Alcune città o territori hanno nei loro presepi personaggi specifici: il “Festoso” o “Giocoso” toscano che rappresenta un giovanetto davanti alla capanna che gioisce per la nascita di Gesù e il “Caganer” catalana che rappresenta una persona intenta a defecare o lo “Zu Innaru” (Zio Gennaio) siciliano che riproduce un vecchietto che si riscalda di fronte ad un fuoco acceso.

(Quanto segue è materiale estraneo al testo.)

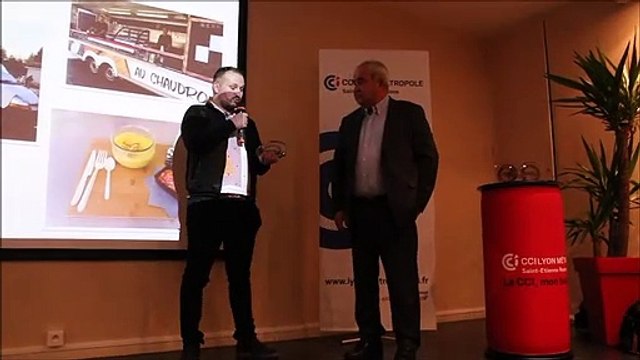 Trophées du commerce de Saint-Etienne : trophée commerce non sédentaire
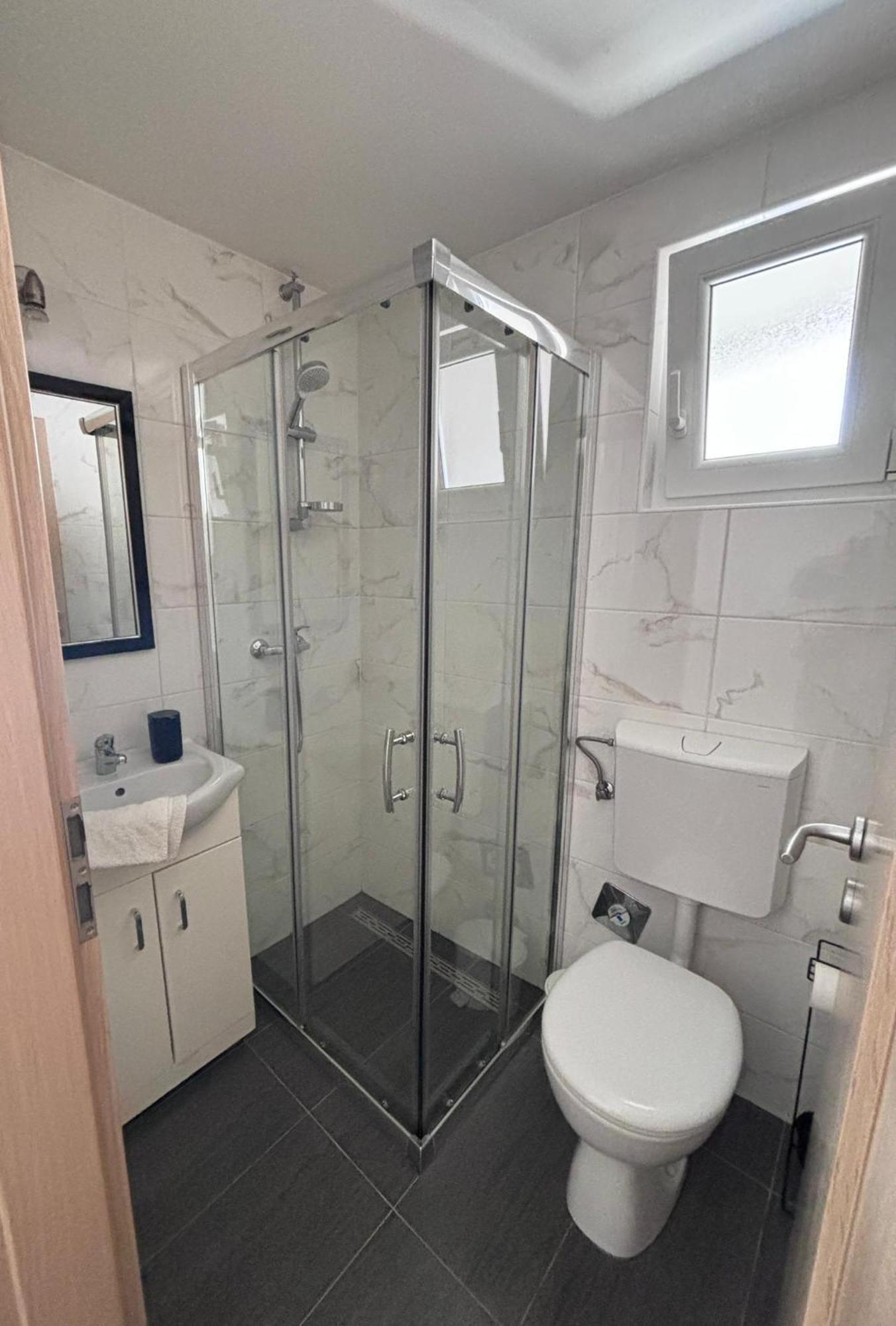 Apartman Branka *** Split Kültér fotó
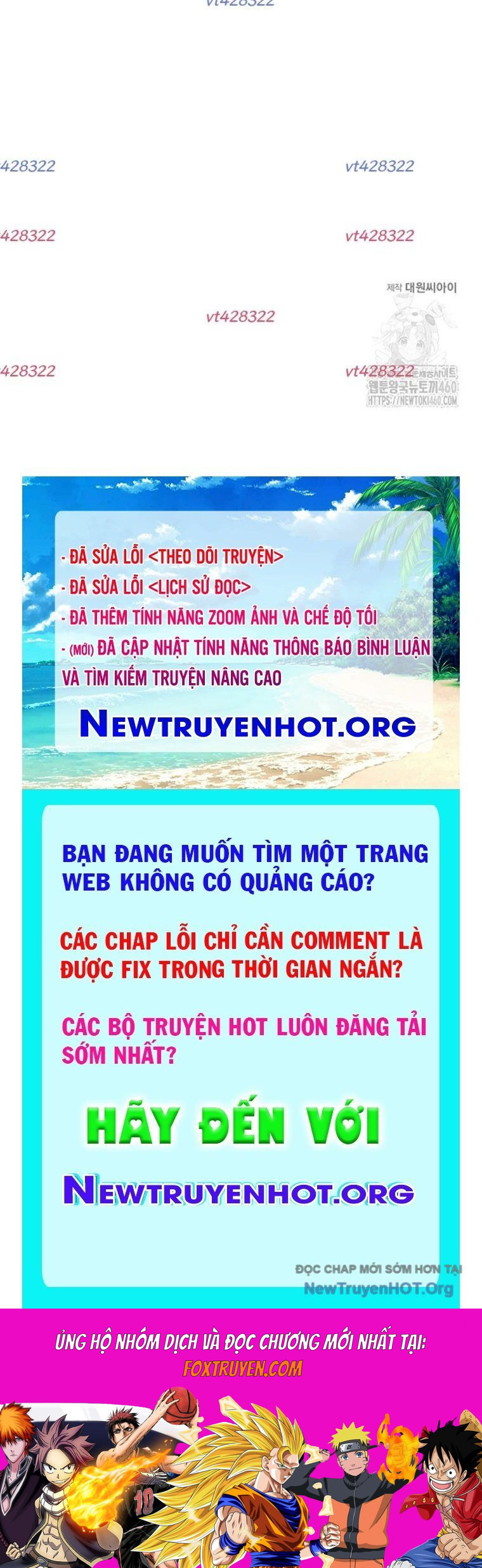 Vua Võ Đài Chương 132 Ảnh 77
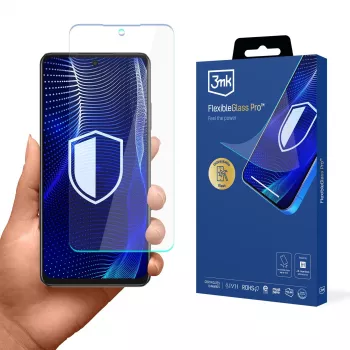 3MK PROTECTION Oppo A3x 5G FlexibleGlass Pro Screen Protector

Una delle figure diffuse in molti presepi, specialmente meridionali, è invece il personaggio che a Grottaglie viene chiamato “Lu Sbantuso” e che viene solitamente ritratto in due momenti specifici. Leggiamo insieme come li descrive Alfredo Camassa, con un pizzico di nostalgica memoria: ”Lontano da Grottaglie da più o meno mezzo secolo, ho mantenuto intatto il legame con la mia terra d’origine. Grazie ai miei familiari rimasti nel paese ed oggi, grazie alle notizie ed informazioni che raccolgo sul vostro gradevolissimo sito.

In una recente conversazione telefonica intercorsa con la mia sorella maggiore, abbiamo toccato l’argomento del presepe e dei suoi personaggi. Negli anni ’50, ricordavo, c’era una minuscola bottega alla discesa della Croce (basciu la Croce) e lì ci soffermavamo ad ammirare l’opera dell’artigiano che, dalla creta viva, mediante antichi stampi, faceva nascere pastori, pecorelle, angeli e Re Magi i quali, cotti e colorati, davano vita ai presepi più ricchi come ai più disadorni e modesti.

E già, pastori, Gesù Bambini, buoi… e “Lu Sbantusu”?? “No” fa mia sorella “lu Sbantusu non si trova più e quelli del presepio dei nonni, tra i nostri viaggi tra Grottaglie e Milano, tra un trasloco e l’altro sono andati perduti.” Concludeva la frase manifestando il timore che le statuine de “Lu Sbantuso” fossero irrimediabilmente cadute nell’oblio. Riandando a quella chiacchierata e ricollegandomi alla meritoria nuova rubrica di GIR sui vecchi ricordi e le antiche tradizioni grottagliesi, mi son detto che nessuno meglio di voi può essere in grado di riannodare fili della memoria, trovare tracce e ridare vita a questa figura ormai sbiadita.

Nei miei ricordi ed in quelli di mia sorella Maria, “Lo Sbantuso” è un personaggio costituito da due figure: la prima, consiste di un individuo disteso, appisolato, meglio, perso in un sonno profondo; trovava posto in una zona defilata della scenografia presepistica, meglio se collocato in alto, su una collina, un promontorio; la seconda immagine si presentava come un uomo stupito, quasi spaventato che, in piedi, le braccia allargate, il viso trasfigurato da emozione e paura, guardava verso il cielo, là dove brillava la stella cometa.

A casa mia, il cambio tra le due statuine avveniva, a cura dello zio Cosimo, nella notte tra la Vigilia ed il Natale e al mattino era motivo dello stesso stupore ed emozione anche tra noi bambini. Che bei tempi, più semplici, più veri, più profondi!

La descrizione di Alfredo Camassa richiama un personaggio che – come abbiamo detto – ricorre spesso nei presepi meridionali, sia pure con altri nomi: a Napoli è “Benino”, pastorello che dorme beato in un angolo ignaro di tutto che a Bologna diventa “Dormiglione” mentre nel presepe siciliano prende il nome di “Susi Pasturi” mentre, sempre in Sicilia, lo “Sbaundatu ra stidda” è il personaggio che stupito guarda per primo in lontananza la stella cometa, richiamando nel suo atteggiamento di sorpresa la “Meraviglia”, figura femminile della tradizione bolognese che, in segno di stupore, agita le braccia.

Con l’Epifania giungerà al termine il lungo viaggio dei Magi che recheranno i loro doni al Bambinello, e si comincerà a ritirare fuori scatole e imbottiture per riporre le statue ed i decori presepiali, in attesa che – tra meno dodici mesi – la magia si rinnovi.